Secondo Elon Musk, non proprio l’ultimo arrivato nel panorama hi-tech, l’intelligenza artificiale arriverà a costituire un pericolo concreto per il genere umano entro pochi anni. Se si tratti di eccessivo allarmismo o meno, al momento è un tema fortemente dibattuto. Sta di fatto che è necessario effettuare una distinzione tra ciò che si intende con il termine IA e autocoscienza (o self-consciousness per dirla all’inglese) prima di poter affrontare l’argomento con cognizione di causa.
I robot che talvolta vengono raffigurati dalla narrativa fantascientifica o dalle pellicole sci-fi come esseri senzienti pericolosi per l’uomo, sono infatti dotati non solo di un’intelligenza propria, ma anche della consapevolezza di sé. Ecco perché a volte, nei racconti, reagiscono attaccando le persone al fine di tutelarsi, come mossi da un istintivo meccanismo di autodifesa. In altre parole, l’io dell’unità meccanica diventa cosciente di sé e compie qualsiasi gesto pur di “sopravvivere”. Una prima forma di reazione di questo tipo è quella visibile nel filmato in streaming di seguito, realizzato dal professor Selmer Bringsjord del Rensselaer Polytechnic Institute.
Il protagonista è NAO, un automa di cui si è già parlato negli anni scorsi su queste pagine, progettato dal team Aldebaran Robotics. Il video è il risultato di un esperimento ispirato al test The King’s Wise Men: ai tre robot viene virtualmente somministrata una pillola chiamata “dumbing pill”, che in termini concreti consiste nella pressione di un pulsante posizionato sopra la testa. Due di questi silenziano le rispettive unità, mentre l’altra rimane in grado di parlare e interagire tramite comandi vocali.
Dopo aver toccato il capo a tutti e tre i robot, viene chiesto loro “Quale pillola avete ricevuto?”. I tre NAO cercano di rispondere “Non lo so”, ma solamente quello che può ancora parlare riesce a udire il suono delle propria voce, la riconosce e di conseguenza prosegue nella conversazione.
Scusa, ora lo so. Ho la prova di non aver ricevuto la dumbing pill.

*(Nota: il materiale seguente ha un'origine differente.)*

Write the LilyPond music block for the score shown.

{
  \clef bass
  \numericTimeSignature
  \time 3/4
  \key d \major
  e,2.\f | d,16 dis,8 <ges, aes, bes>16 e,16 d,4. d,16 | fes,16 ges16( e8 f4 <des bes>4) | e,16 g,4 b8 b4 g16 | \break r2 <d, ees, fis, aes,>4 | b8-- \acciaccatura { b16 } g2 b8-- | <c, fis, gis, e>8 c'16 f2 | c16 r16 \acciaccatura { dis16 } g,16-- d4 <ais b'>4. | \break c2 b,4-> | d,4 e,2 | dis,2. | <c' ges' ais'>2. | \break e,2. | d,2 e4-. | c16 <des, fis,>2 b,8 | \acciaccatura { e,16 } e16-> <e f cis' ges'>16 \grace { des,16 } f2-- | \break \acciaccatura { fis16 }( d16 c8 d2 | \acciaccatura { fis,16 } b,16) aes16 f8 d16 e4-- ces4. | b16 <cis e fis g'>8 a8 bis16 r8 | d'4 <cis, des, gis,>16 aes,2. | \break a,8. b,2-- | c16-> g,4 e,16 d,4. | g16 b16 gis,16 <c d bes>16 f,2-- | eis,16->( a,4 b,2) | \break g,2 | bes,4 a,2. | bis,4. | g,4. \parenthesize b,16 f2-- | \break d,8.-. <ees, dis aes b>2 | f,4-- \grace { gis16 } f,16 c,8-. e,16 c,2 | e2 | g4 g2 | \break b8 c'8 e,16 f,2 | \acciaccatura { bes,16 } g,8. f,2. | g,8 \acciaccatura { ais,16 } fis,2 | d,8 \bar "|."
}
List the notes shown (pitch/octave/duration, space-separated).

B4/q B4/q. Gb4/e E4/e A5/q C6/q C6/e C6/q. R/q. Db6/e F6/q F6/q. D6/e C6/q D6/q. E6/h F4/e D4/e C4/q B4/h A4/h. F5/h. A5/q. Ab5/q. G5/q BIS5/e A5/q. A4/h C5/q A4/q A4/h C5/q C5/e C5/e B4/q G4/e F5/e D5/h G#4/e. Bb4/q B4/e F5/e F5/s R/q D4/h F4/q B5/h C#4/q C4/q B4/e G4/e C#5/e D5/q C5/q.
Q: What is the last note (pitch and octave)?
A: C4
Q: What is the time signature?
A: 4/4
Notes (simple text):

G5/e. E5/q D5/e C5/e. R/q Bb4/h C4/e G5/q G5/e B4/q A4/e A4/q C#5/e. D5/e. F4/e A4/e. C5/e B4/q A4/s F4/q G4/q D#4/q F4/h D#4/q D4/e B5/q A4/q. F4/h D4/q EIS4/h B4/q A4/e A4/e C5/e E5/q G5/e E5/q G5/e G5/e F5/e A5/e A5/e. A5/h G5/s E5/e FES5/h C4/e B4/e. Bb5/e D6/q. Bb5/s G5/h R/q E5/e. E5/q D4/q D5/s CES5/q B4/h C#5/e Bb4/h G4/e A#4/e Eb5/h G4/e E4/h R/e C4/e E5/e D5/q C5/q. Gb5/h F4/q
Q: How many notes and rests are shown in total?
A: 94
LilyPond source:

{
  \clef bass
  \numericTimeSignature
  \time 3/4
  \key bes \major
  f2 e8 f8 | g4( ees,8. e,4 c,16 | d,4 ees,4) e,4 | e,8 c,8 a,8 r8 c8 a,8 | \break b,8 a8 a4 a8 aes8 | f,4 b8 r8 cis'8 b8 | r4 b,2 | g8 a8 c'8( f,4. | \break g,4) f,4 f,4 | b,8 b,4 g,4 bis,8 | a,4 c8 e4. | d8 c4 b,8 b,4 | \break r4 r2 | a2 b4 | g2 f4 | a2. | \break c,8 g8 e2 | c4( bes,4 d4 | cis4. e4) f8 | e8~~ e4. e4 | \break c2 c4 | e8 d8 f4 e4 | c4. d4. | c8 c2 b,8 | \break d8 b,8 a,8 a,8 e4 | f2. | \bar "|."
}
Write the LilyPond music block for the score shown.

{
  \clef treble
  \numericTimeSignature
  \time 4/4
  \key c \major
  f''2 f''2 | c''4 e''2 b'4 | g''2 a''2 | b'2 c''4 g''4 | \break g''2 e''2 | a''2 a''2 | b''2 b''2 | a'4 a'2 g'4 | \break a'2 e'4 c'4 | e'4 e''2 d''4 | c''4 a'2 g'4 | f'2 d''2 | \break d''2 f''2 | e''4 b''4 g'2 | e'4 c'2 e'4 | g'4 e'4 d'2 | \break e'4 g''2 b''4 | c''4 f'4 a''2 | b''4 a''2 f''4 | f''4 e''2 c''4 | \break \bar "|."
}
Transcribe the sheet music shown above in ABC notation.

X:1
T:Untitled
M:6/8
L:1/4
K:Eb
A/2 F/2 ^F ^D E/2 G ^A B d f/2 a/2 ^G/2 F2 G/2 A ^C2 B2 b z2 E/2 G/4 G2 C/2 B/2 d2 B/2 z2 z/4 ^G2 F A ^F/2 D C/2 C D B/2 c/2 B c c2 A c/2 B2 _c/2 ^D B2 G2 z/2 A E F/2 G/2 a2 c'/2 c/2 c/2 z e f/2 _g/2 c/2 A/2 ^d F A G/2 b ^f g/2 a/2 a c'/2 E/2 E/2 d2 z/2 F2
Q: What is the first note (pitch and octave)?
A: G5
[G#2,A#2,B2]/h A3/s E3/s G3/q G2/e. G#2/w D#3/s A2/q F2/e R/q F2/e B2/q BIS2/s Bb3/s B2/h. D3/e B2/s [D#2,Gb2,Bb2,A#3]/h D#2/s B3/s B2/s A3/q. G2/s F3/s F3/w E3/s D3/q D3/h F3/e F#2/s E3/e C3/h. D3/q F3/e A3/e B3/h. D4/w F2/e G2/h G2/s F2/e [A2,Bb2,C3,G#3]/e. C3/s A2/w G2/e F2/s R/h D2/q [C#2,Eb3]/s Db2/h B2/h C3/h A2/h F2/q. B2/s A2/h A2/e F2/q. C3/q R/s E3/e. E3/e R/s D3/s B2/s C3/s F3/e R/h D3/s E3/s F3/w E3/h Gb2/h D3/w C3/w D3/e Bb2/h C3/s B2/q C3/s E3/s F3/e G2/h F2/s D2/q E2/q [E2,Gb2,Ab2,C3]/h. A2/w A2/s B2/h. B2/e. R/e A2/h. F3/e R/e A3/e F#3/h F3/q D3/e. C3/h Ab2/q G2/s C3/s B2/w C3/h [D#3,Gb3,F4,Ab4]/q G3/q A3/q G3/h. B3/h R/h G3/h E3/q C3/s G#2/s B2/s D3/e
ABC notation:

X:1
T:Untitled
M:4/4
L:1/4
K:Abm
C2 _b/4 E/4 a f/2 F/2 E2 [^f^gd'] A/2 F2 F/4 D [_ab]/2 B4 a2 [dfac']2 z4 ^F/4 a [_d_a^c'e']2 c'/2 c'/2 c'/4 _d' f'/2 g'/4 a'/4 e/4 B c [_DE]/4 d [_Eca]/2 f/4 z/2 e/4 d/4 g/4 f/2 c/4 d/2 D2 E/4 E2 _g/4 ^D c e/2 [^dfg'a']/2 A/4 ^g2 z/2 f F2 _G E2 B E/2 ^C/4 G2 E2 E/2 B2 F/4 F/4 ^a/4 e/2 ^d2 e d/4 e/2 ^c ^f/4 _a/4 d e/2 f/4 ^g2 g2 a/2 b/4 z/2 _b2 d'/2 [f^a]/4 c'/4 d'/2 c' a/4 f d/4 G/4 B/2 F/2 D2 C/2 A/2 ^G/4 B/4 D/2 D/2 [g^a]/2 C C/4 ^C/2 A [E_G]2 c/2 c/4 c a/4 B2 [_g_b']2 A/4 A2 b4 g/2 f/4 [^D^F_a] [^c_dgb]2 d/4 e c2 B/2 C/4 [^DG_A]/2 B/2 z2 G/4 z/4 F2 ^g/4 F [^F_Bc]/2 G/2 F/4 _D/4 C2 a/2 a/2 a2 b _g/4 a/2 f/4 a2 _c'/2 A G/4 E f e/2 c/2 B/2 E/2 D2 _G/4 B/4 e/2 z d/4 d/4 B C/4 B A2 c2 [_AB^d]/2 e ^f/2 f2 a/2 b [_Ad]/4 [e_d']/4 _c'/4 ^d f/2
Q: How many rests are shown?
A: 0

Ovviamente, nessuna delle unità impiegate è stata programmata appositamente a questo scopo. Si tratta dunque di una forma primitiva d’autocoscienza: il robot prende atto in modo del tutto autonomo della propria capacità di parlare e altrettanto autonomamente decide di manifestarlo. Niente a che fare con le macchine che un giorno potrebbero prendere il sopravvento sul genere umano, ma comunque un primo importante passo verso la creazione di un’unità robotica senziente.